My thought is, if I can get great content from DailyKos and Google News, and I've been checking out The American Scene, why do I want to pay $35/year to read, not professional journalists, but blogs? Nothing against blogs, and some of you fine people pay $20/year for the other livejournal privelages, but pay $35/year for blogs? Yeah, if I want to subscribe to DailyKos, I can do that and it's got some pretty damned good stuff. But from Salon, I want professional journalists--that's what brought me there in the first place. People in the news rooms and going to the foreign countries and reporting first hand. People who submitted pieces and had an editor cull through them.

Funny enough, Salon put the poll up, and all these people wrote in to protest, and they haven't put these letters up on their "most active letters" section, even though it has more letters than some of their other "active letters" sections. The whole thing is just gone, unless you know the URL. I have it because I found it in my browser history.
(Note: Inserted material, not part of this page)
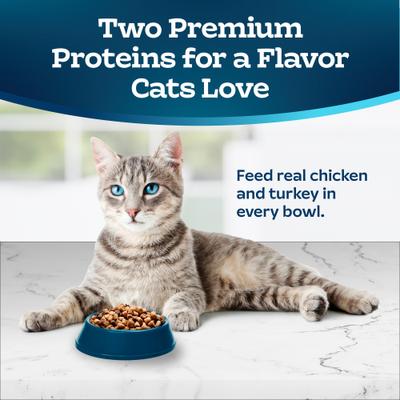 Tastefuls Multi-Protein Chicken & Turkey Recipe Adult Dry Cat Food, 5-lb bag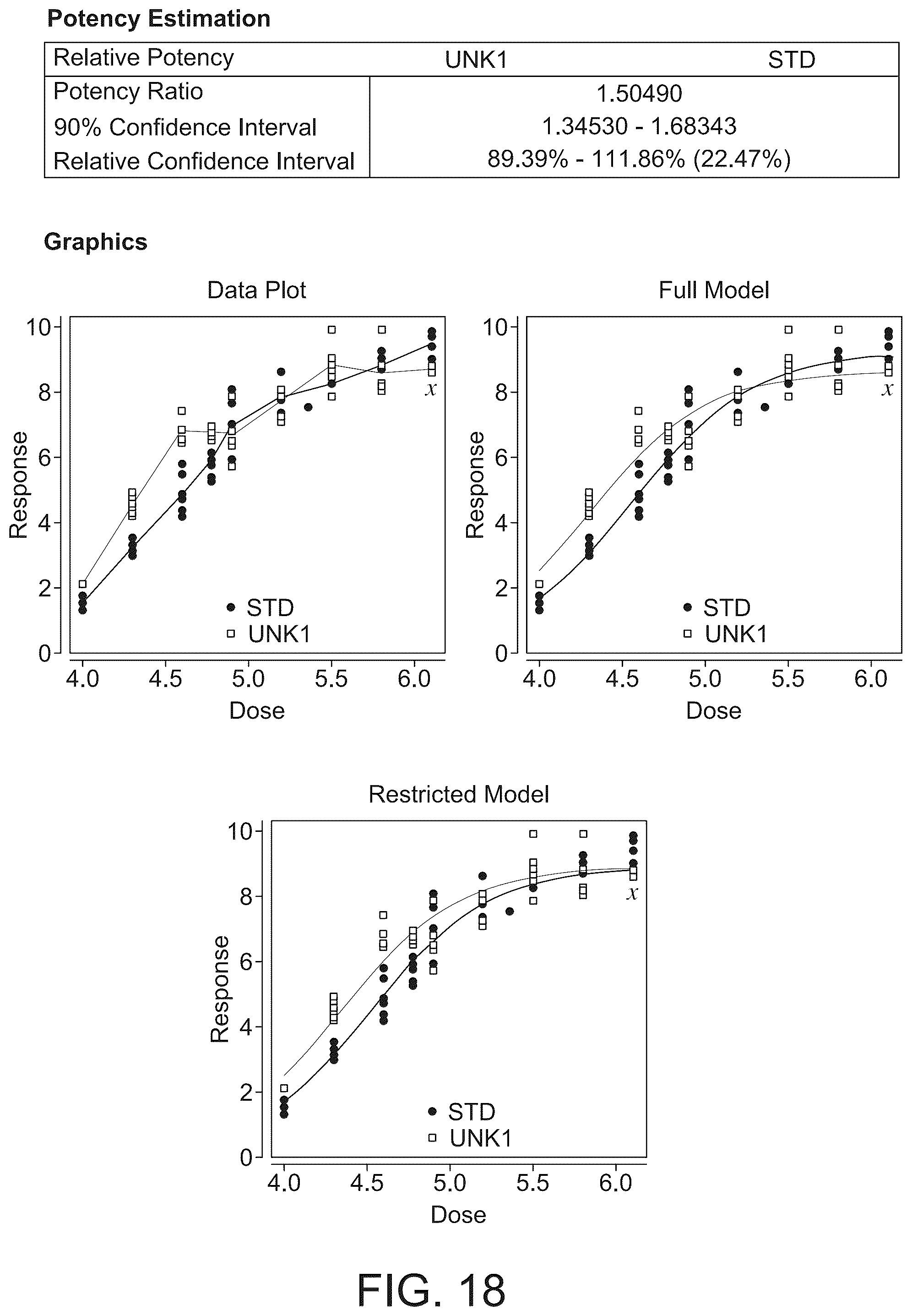Patent US12359239 Figure 18 – Relative potency assay for viral vector encoding isomerohydrolases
Who knows what will happen? I still have my subscription until the end of this year, I think. We'll see what they do.

Date: 2006-02-11 03:54 am (UTC)
From: [identity profile] writebrain.livejournal.com
Interesting. I was a huge Salon fan back in 2000-2002, probably. I think hubby and I subscribed the first year, but it really fell out of our reading habit. It just wasn't the same. I saw it trying to be "fair" and "even" with its political commentary. And fuck that. They probably really were being fair and balanced, unlike some networks, but I wanted liberal stuff damnit! Ah well.

Salon.com was the place I went to for all my Election Debacle 2000 coverage. I adored Jake Tapper.

Sorry to hear that they are adapting, changing, modifying again, and just not filling the stellar amazing potential they had.

I was one of the Big Brother fans that went crazy on Table Talk. And those recaps -- the writer was ... Chiara? Corrina? I don't know. But when TT had a meltdown one time, one of our members in San Fran actually delivered pizza to their offices. That's how devoted we were. But after they went pay, we all faded away.

Date: 2006-02-11 04:38 am (UTC)
From: [identity profile] likethebeer.livejournal.com
oh yeah, Jake Tapper--he was good.

Funny thing on liberal--some people were pissed off after the '04 election b/c Salon had gotten _too political_ on the left side. They were really devoted to stories from the left, and people were looking for more balance. Well, my subscription lasts until Dec. so we'll see where we go (and god knows I'm a sucker).